BUSINESS OPERTAION MANAGEMENT AGREEMENT
Exhibit 10.2
BUSINESS OPERTAION MANAGEMENT AGREEMENT
BY AND AMONG
CHUANGXIANG NETWORK TECHNOLOGY (SHENZHEN) LIMITED
AND
SHENZHEN CHUANGXIANG NETWORK TECHNOLOGY LIMITED
AND
XXXXXX XX
HUIBIN SU
XXXXXXX XXXXX
April 20, 2017
BUSINESS OPERATION MANAGEMENT AGREEMENT
(TRANSLATION COPY)
THIS BUSINSS OPERATION MANAGEMENT AGREEMENT (this Agreement) is entered into as of the 20th day of April, 2017 in Shenzhen, the Peoples Republic of China (the PRC)
by and among
Party A: Chuangxiang Network Technology (Shenzhen) Limited
Entity Registration Number: 440300MA5DAEP93
Registered Address: Xxxx 000, Xxxxxxxx X, 0 Xxxxxxx Xxxx 1, Qianhai Shenzhen-Hong Kong Modern Service Industry Cooperation Zone (sharing offices with Shenzhen Qianhai Commerce Secretary Limited)
Legal Representative: Jiyin Li
Party B: Shenzhen Chuangxiang Network Technology Limited
Entity Registration Number: 44030034988710X5
Registered Address: Xxxx 000, Xxxxxxxx X, 0 Xxxxxxx Xxxx 0, Xxxxxxx Xxxxxxxx-Xxxx Xxxx Modern Service Industry Cooperation Zone (sharing offices with Shenzhen Qianhai Commerce Secretary Limited)

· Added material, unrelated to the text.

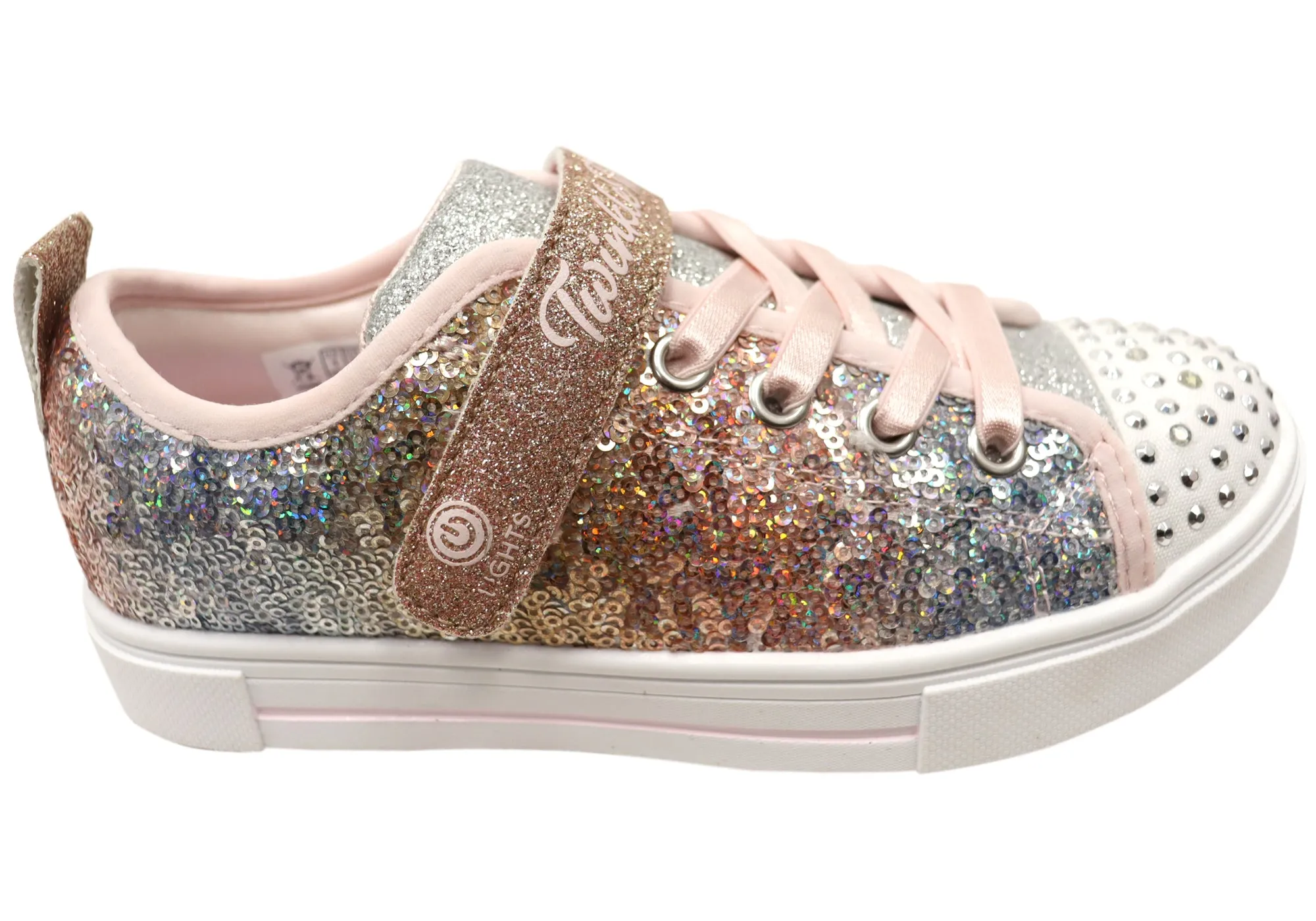 Lace - up kids' shoes Skechers Kids S Lights Twinkle Sparks Sequin Flash Light Up Shoes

Legal Representative: Jiyin Li
Party C: Jiyin Li
(China) Citizen ID Number: 000000000000000000
Address: Xx. 00 Xxxxxxxx 0, Xxxxx Xxxx 0, Xxxxxxx Xxxxxxxx, Xxxxxxxx Xxxx, Xxxxx
Party D: Huibin Su
(China) Citizen ID Number: 000000000000000000
Address: Xxxx 000, Xxxxxxxx Xxxxxx 0, Xxxxxx Xxxxxxxx, Xxxxxxxxx Xxxx, Xxxxx
Party E: Xxxxxxx Xxxxx
(China) Citizen ID Number: 000000000000000000
Address: Room 000, Xxxxxx Xxxx 00, Xxxxxx Xxxxxxxx, Xxxxxxxxx Xxxx, Xxxxx
(Party A, Party B, Party C, Party D and Party E individually being referred to as a “Party” and collectively the “Parties”).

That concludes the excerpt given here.